Lying, Cheating … Shopping?

Editor’s Note: Who is the wisest of them all? Who is more dedicated to your pleasure than anyone on earth? Who can help you when you’re going online for the first time to find love; or when your lover’s children hate you; or when you want to strangle your husband? Why, the Love Goddess, of course. She promises nothing less than celestial wisdom, heavenly sex, divine dating. Read on …

The New York Times recently reported a list of "money disorders" burgeoning as we find ourselves reeling from the economic news. Overspending is rampant, but so, apparently, are other "problem financial behaviors," such as underspending (hoarding, as if we were in a depression); serial borrowing (we all know what that is); financial enabling (giving too much money to adult kids, who are then not motivated to make their own) and so forth. People from all over the monetary map have these problems —including Wynona Judd, who used to buy, she claims, too many cars and Harleys, but now has her verhicle issues under control. But here’s what struck me, since of course I’m always fascinated by new data about love: A "problem financial behavior" psychologists have named "financial infidelity" — or "cheating on a spouse by spending and lying about it."
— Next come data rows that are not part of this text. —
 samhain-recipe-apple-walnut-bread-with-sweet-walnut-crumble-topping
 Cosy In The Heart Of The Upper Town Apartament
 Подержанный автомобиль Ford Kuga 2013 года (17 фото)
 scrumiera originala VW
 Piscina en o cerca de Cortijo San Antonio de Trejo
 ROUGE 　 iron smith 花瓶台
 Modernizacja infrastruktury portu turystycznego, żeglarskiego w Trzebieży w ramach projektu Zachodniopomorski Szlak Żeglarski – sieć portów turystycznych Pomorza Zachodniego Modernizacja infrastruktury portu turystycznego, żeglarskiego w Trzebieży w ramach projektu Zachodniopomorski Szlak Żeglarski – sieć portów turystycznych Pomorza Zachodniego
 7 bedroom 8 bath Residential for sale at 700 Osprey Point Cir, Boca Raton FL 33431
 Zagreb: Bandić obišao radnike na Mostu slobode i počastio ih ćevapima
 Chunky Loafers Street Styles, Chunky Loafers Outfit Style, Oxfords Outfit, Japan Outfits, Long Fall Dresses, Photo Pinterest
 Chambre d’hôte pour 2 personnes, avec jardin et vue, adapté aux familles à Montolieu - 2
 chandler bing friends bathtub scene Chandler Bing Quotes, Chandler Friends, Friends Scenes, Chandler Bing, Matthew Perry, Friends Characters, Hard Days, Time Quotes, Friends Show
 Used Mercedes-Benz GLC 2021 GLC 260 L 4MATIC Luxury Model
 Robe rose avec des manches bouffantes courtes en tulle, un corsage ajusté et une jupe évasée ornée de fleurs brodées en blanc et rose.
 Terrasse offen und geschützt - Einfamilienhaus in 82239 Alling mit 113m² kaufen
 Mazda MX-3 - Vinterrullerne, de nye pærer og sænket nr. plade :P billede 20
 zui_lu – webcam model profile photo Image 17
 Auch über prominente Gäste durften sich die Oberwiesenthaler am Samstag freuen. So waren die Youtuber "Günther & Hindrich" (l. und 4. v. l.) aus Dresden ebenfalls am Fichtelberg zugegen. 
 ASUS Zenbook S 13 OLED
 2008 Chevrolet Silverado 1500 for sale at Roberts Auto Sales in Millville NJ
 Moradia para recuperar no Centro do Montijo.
Please. By that definition, we’re all harlots. Ragingly unfaithful Jezebels. Unless you’re married to a guy who knows — really knows — retail, what woman in her right mind tells her spouse, over a nice roast chicken dinner, "Darling, guess what? The Prada bag I had my eye on was reduced to $1100, but I didn’t succumb; instead I spent a mere $400 at Coach," as though the guy wouldn’t still fall face-first into that chicken. Because most men don’t see the $400 as a good deal, assuming as they do that handbags cost what they did in the ’80s (that is, if they ever even thought about it) and that pretty much any purse in the galaxy could be had for less than, oh, a hundred bucks. Does a man who hasn’t bought a shirt for himself since the Vietnam War know what a nice dress shirt costs? A tie? (I tear off tags when I buy my man clothes, egregious cheat that I am, because otherwise he wouldn’t wear it and I would have to live with someone who walks around in tattered stuff from eons ago — and I do mean eons ago.) How about announcing to him what a sweet little pair of women’s boots (not designer, even) for fall cost? Or a moisturizer, for that matter?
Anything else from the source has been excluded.